Das kleine Einmaleins der Kommunalpolitik

Mit unserem “kleinen Einmalseins der Kommunalpolitik“ wollen wir die wichtigsten Fragen einfach erklären. Fall Sie Fragen haben, schreiben Sie uns einfach, wir werden versuchen, Ihnen eine nachvollziehbare Antwort zu geben.

Die Hessische Gemeindeordnung (HGO)

Die Spielregeln der Politik in den Kommunen sind in der Hessischen Gemeindeordnung (HGO) festgelegt. Zusammen mit der Hessischen Landkreisordnung (HKO) und dem Kommunalwahlgesetz (KWG) bildet sie die Hessische Kommunalverfassung.

Die HGO regelt die kommunale Selbstverwaltung und die vor Ort gelebte Demokratie. Sie gibt den Gemeinden den rechtlichen Rahmen für ihre Organisation und regelt ihren Status und ihre Stellung innerhalb des staatlichen Gesamtgefüges. Sie beinhaltet die Rahmenbedingungen für die die bürgerschaftliche Teilhabe am kommunalen Willensbildungsprozess.

 So regelt sie die Zuständigkeiten, Befugnisse und Rechte der Gemeinden sowie die Institution, Organisation und Aufbau der gemeindlichen Gremien in Hessen.

Formen der repräsentativen/parlamentarischen Demokratie in der Kommunalpolitik

Wahlen

Alle fünf Jahre wird die Gemeindevertretung bei den Kommunalwahlen neu gewählt. Darüber hinaus gibt es seit 1993 die Direktwahl von Bürgermeister/innen (Wahlperiode 6 Jahre).

Bürgerentscheide

Auch Bürgerentscheide sind zur direkten demokratischen Entscheidungsfindung auf kommunaler Ebene möglich.

Wahlrecht

Wahlrecht bei der Kommunalwahl haben auch ausländische Bürger/innen, sofern sie aus einem Mitgliedsstaat der Europäischen Union stammen (Unionsbürger).

Gemeindevertretung

Gemeindevertreter

Anders als die Abgeordneten im Bundestag und in den meisten Landesparlamenten sind die Kommunalparlamentarier ehrenamtlich tätig.

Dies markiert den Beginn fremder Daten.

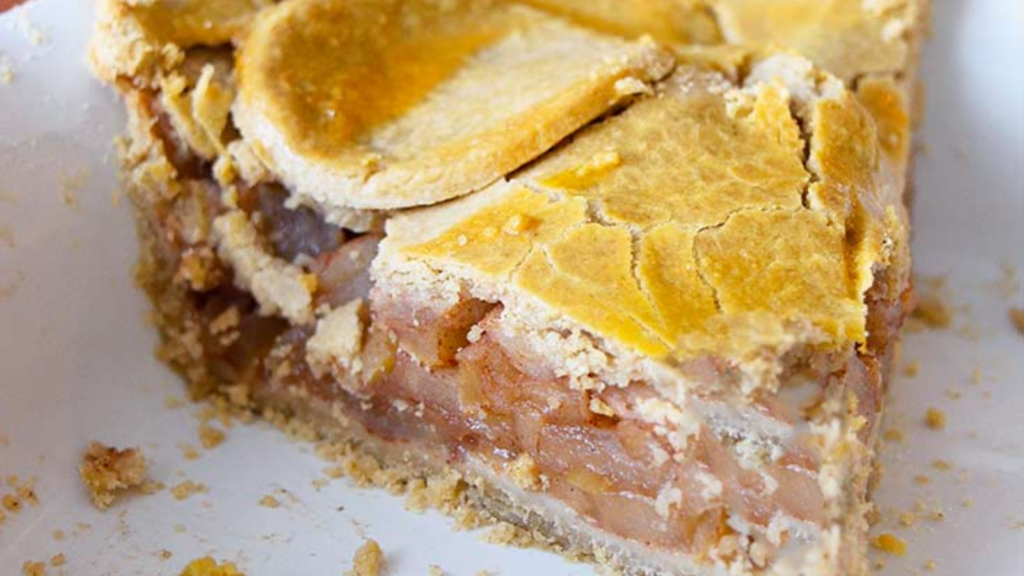 A single slice of apple pie in a white pie pan.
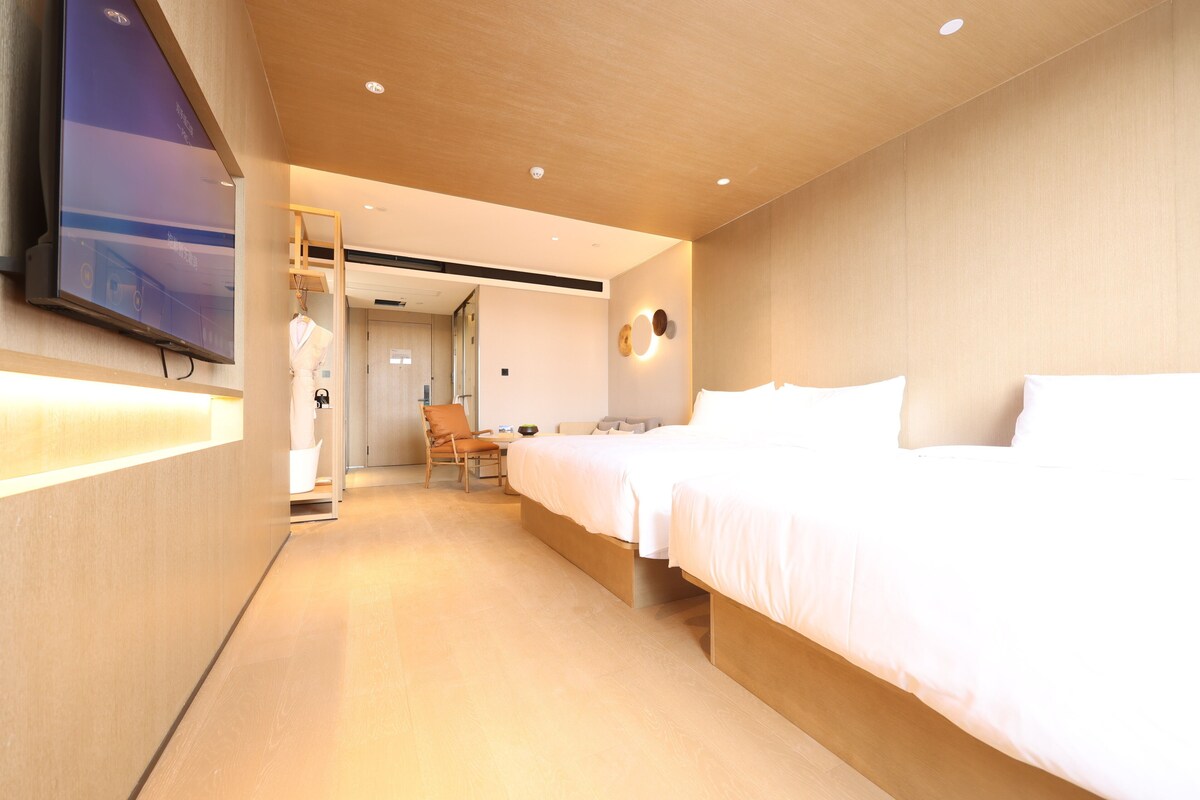 A hotel room with a bed, a chair, a desk, and a television mounted on the wall.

Sie erhalten bei der Wahrnehmung des politischen Mandats eine Aufwandsentschädigung in Form von Sitzungsgeld. Vom Grundsatz her sind auch Fahrtkostenzuschüsse und Verdienstausfallszahlungen möglich, was in der Praxis her eher die Ausnahmen sind.

WICHTIG für die ehrenamtlichen Gemeindevertreter und Gemeindevorstandsmitglieder ist, dass:

  1. von ihrem Arbeitgeber für ihren Besuch der offiziellen Sitzungen dienstlich keine Hemmnisse eingeräumt werden dürfen
  2. ihr Arbeitsverhältnis spezielle Schutzrechte zur Sicherung der Mandatsausübung für Beschäftigte in der Privatwirtschaft genießt

Gemeindevertreter/in oder Stadtverordnete/r?

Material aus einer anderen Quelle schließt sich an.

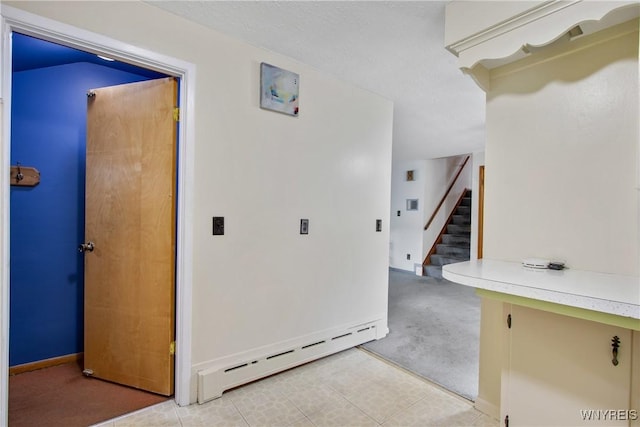 corridor featuring a baseboard radiator and stairway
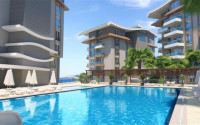 Двухуровневая трехкомнатная квартира, 180м², в новом комплексе в 500м от моря в районе Алании - Каргыджак-id-1487-фото-10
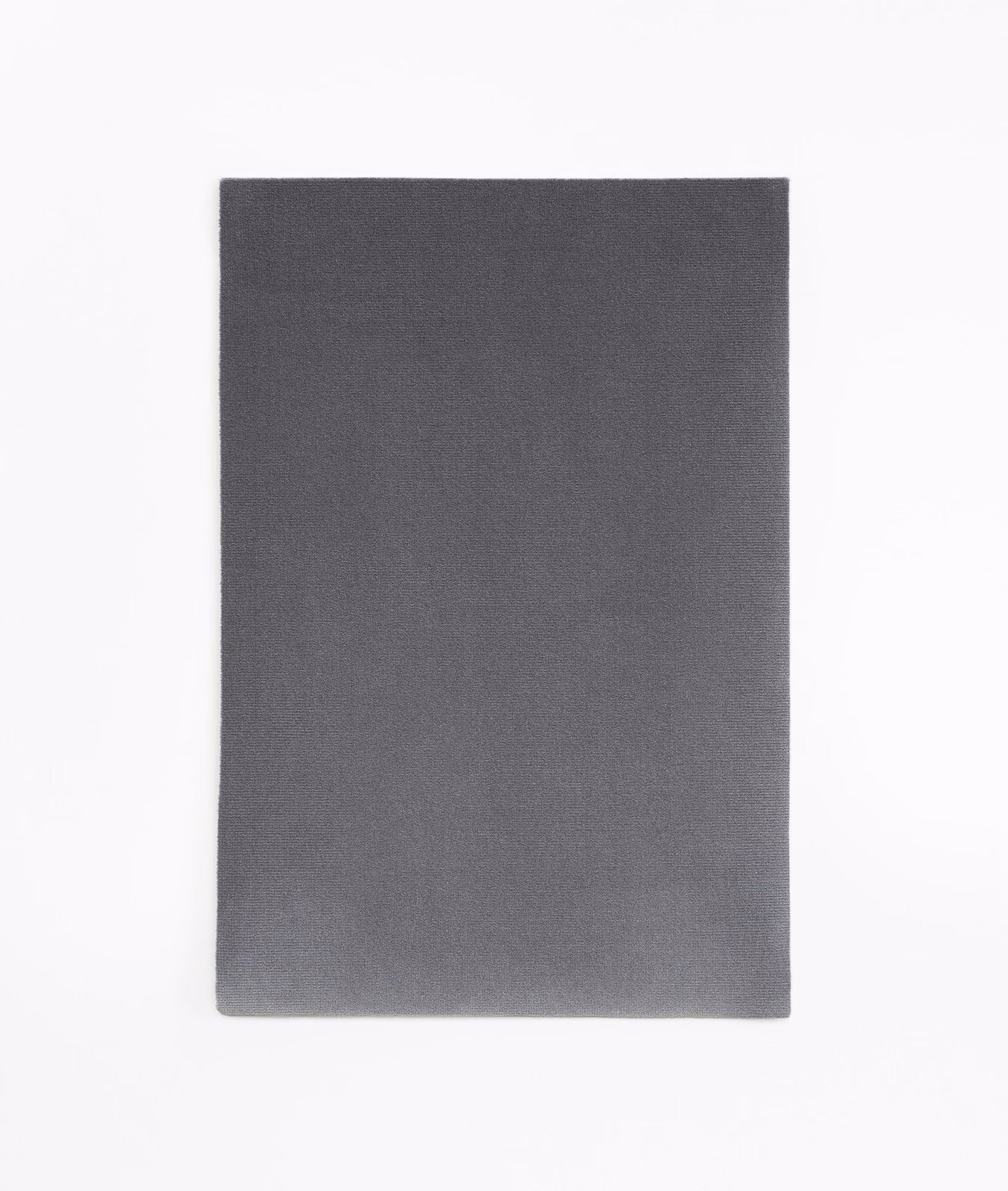 Smooth anthracite velvet with a subtly light-catching pile and charcoal-grey surface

Verwirrend ist, dass es in den einen Kommunen Gemeindevertreter und Gemeindevorstand und dessen Mitglieder und bei anderen Kommunen Stadtverordnetenversammlungen, Magistrat und Stadträte/innen gibt. Dies regelt die HGO zum einen über Größe der Kommune. Zum anderen können aber auch kleinere Kommunen aufgrund von historisch erworbenen Stadtrechten ihre Gremien Magistrat und Stadtverordnetenversammlung nennen. (Ein Beispiel hierfür aus unserem Landkreis ist Groß Bieberau.)


Bezeichnungen
Gemeinde Stadt   Stadt über 50.000 Einwohner
Gemeindevertretung Stadtverordnetenversammlung Stadtverordnetenversammlung
Gemeindevertreter Stadtverordnete/r Stadtverordnete/r
Gemeindevorstand Magistrat Magistrat
Beigeordnete/r Stadtrat/rätin Stadtrat/rätin
Erster Beigeordneter Erste/r Stadtrat/rätin Bürgermeister/in
Bürgermeister/in Oberbürgermeister/in Oberbürgermeister/in

Anzahl der Sitze im Gemeindeparlament

Auch die Anzahl der Sitze in der Gemeindevertretung regelt die HGO. Dass es zu einer schleichenden Vergrößerung der Gemeindevertretung wie in den letzten Jahren im Bundestag kommt, ist nicht möglich. Die HGO gibt einen Rahmen, in dem die Gemeinden die Größe ihrer Gemeindevertretung selbst bestimmen können. In der Münsterer Gemeindevertretung gibt es aktuell 37 Sitze.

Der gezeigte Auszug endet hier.